**Data extracts:**
──────────────────────────────

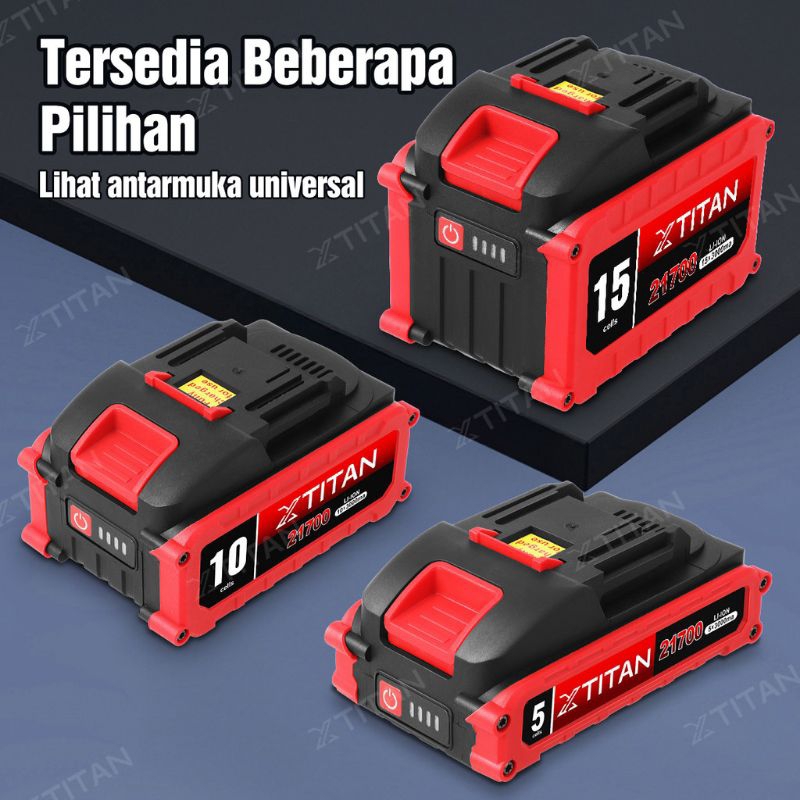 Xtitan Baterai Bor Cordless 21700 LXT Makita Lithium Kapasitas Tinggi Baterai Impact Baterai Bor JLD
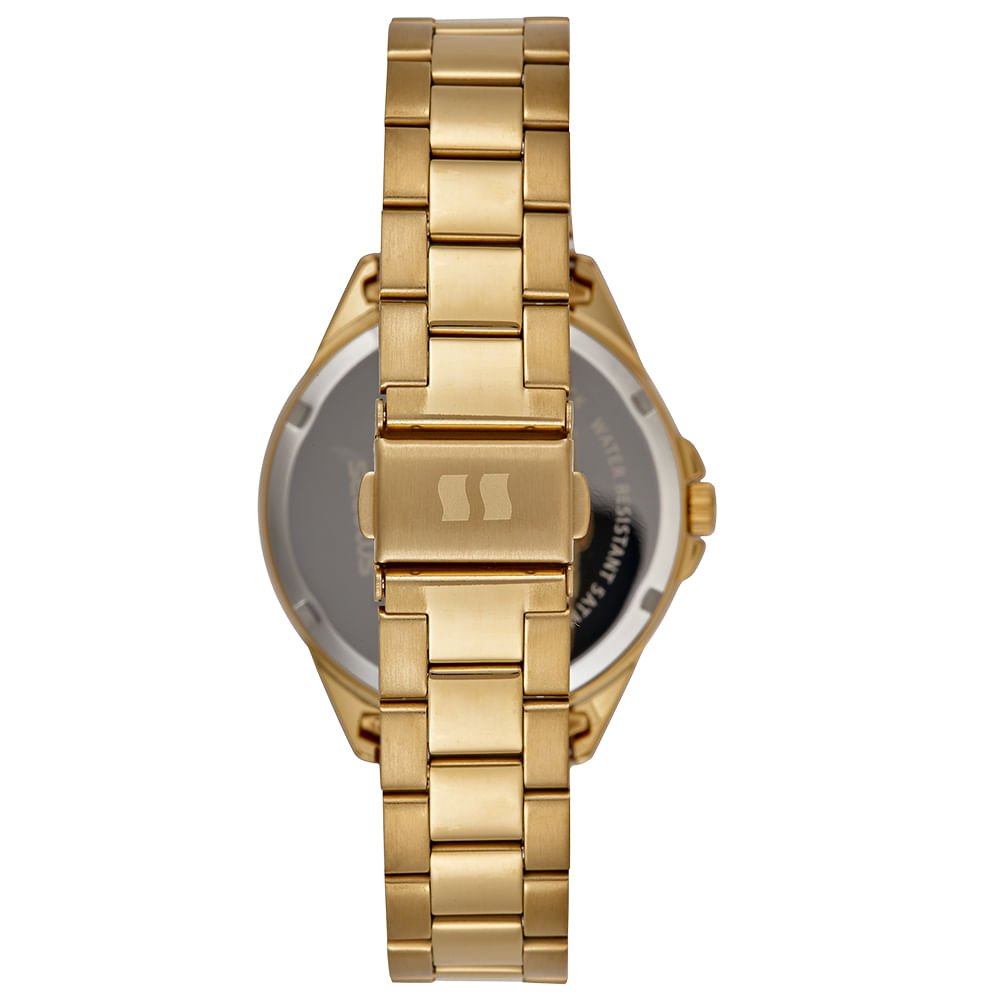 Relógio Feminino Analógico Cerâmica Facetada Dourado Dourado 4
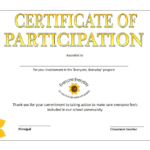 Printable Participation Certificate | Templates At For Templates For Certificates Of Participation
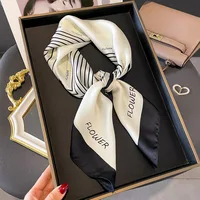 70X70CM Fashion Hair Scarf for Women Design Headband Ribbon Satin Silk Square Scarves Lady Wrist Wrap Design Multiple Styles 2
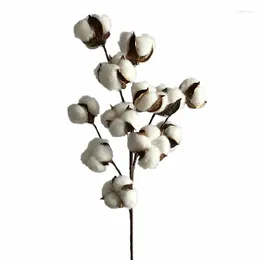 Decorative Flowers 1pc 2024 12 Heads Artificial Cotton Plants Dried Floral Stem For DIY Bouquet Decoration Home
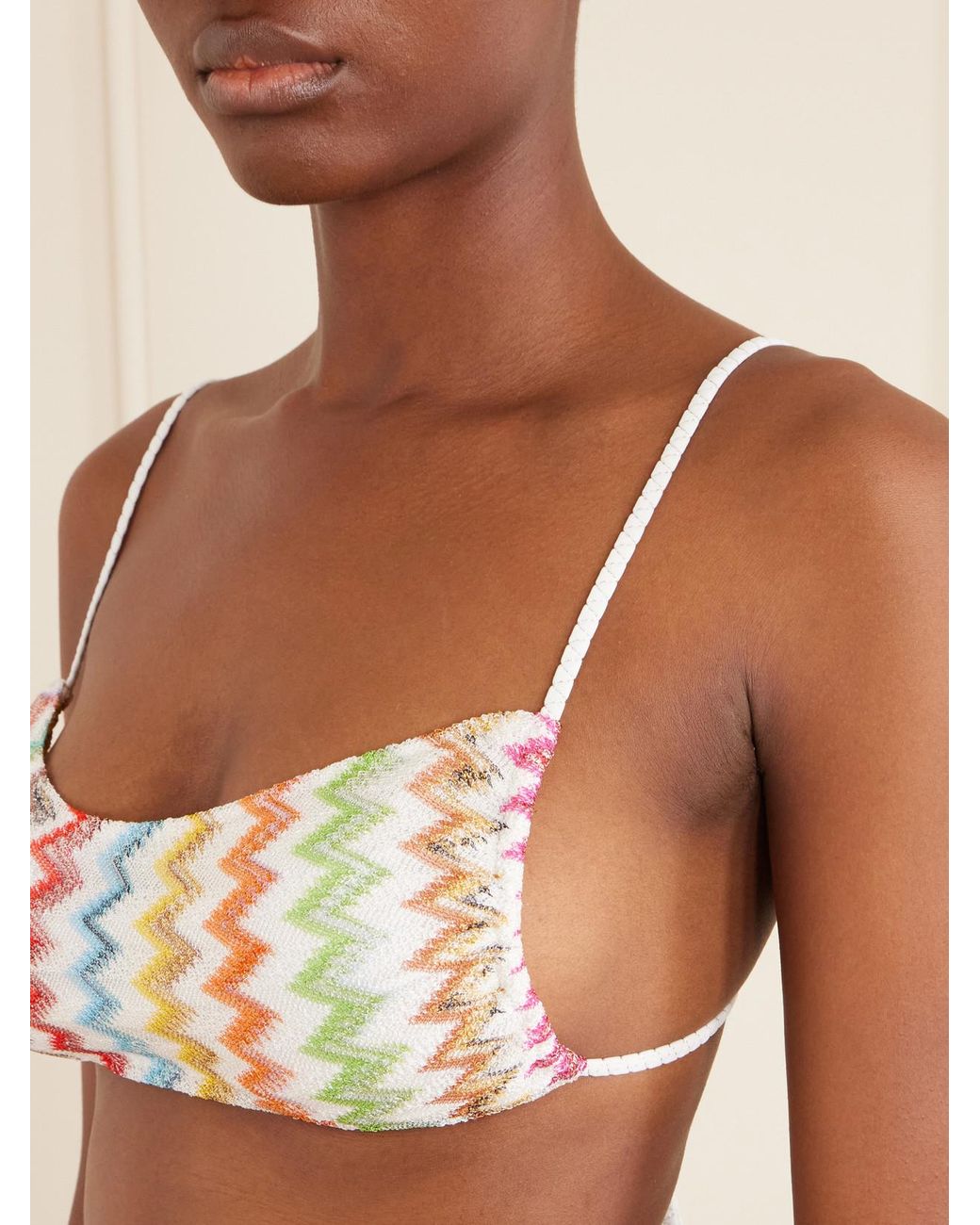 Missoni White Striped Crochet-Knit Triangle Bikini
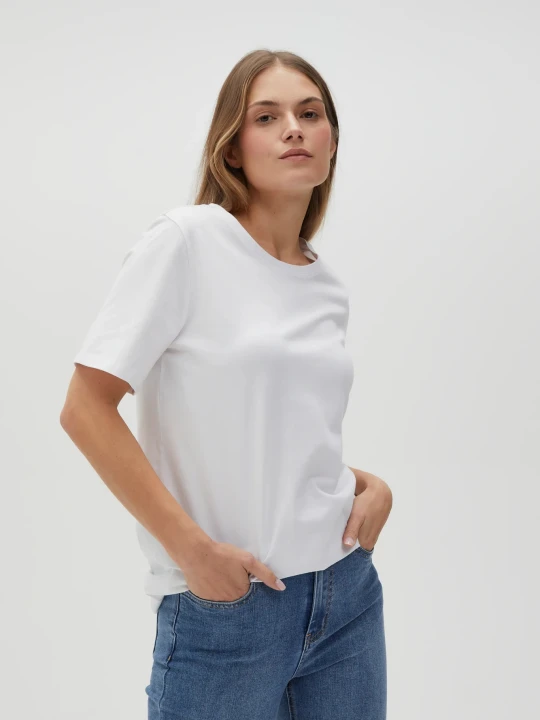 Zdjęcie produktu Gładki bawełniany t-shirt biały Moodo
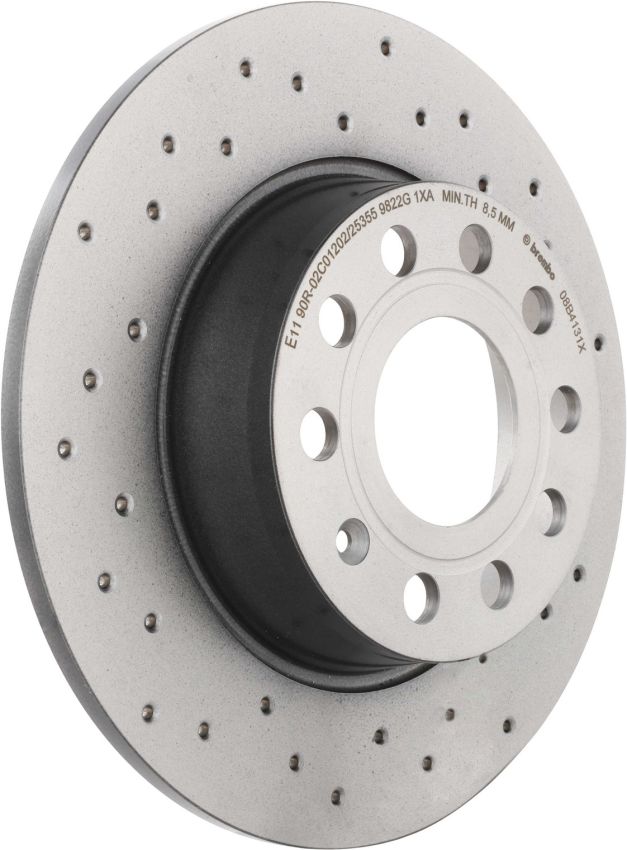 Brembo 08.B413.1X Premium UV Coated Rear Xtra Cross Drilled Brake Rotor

──────────────────────────────

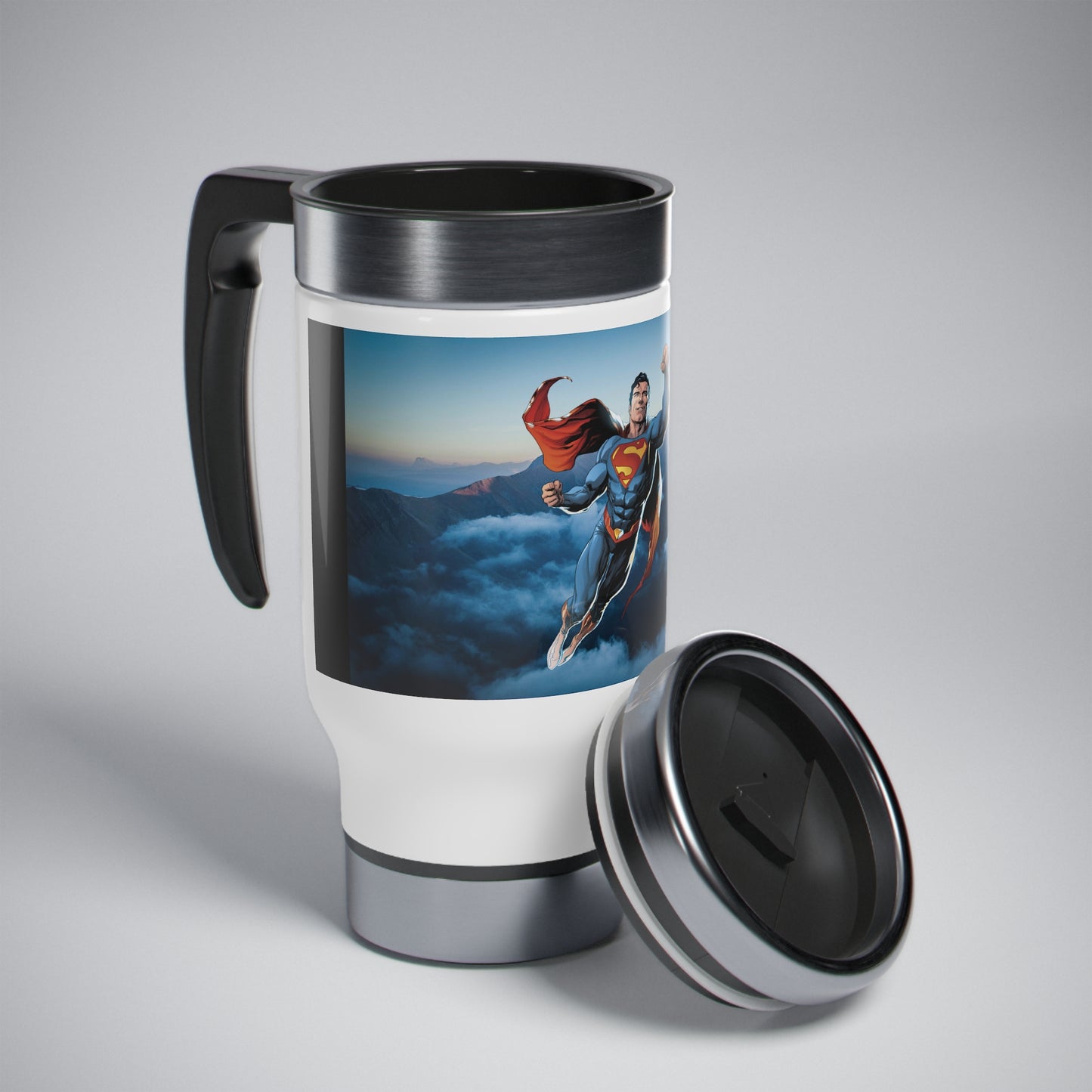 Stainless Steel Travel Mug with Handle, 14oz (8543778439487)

──────────────────────────────

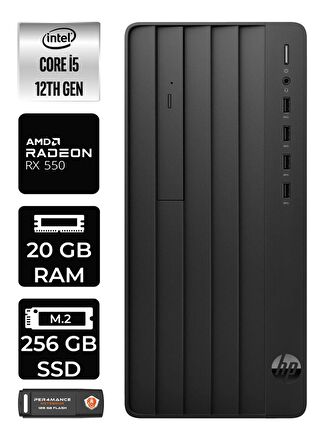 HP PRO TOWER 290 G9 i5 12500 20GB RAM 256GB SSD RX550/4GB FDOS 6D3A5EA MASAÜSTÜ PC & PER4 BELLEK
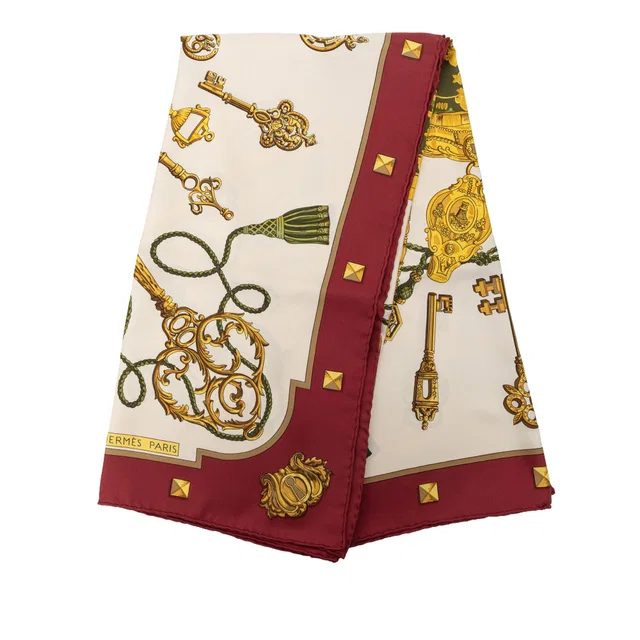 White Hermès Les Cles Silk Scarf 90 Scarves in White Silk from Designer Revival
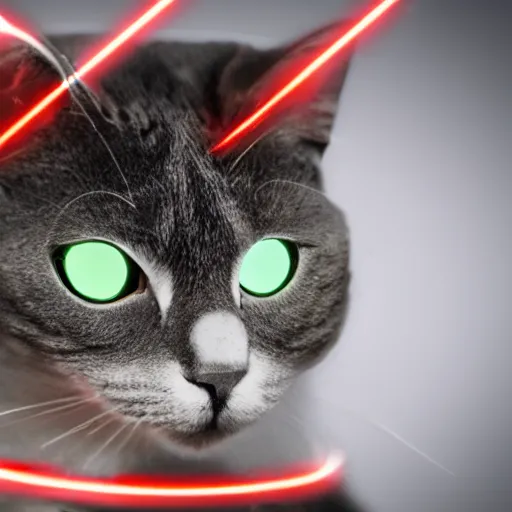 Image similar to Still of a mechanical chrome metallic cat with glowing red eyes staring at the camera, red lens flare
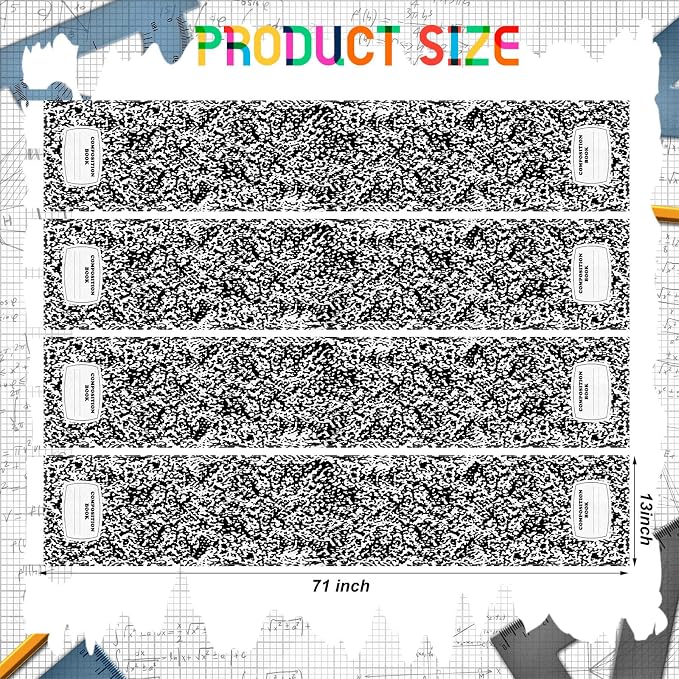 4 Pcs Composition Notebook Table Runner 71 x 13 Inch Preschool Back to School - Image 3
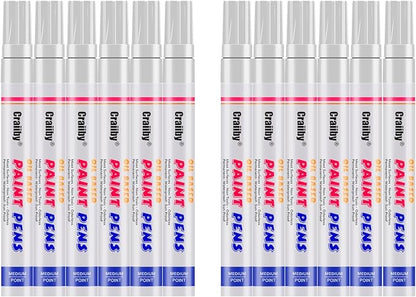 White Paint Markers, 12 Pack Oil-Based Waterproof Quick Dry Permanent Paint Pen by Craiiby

──────────────────────────────

**Task goal:** The stretch above running from the line with "White Hermès Les" through the line with "White Paint Markers, 12" is all you should copy, exactly, leaving out the pictures.

**Expected answer:**
 White Hermès Les Cles Silk Scarf 90 Scarves in White Silk from Designer Revival
 Image similar to Still of a mechanical chrome metallic cat with glowing red eyes staring at the camera, red lens flare
 4 Pcs Composition Notebook Table Runner 71 x 13 Inch Preschool Back to School - Image 3
 White Paint Markers, 12 Pack Oil-Based Waterproof Quick Dry Permanent Paint Pen by Craiiby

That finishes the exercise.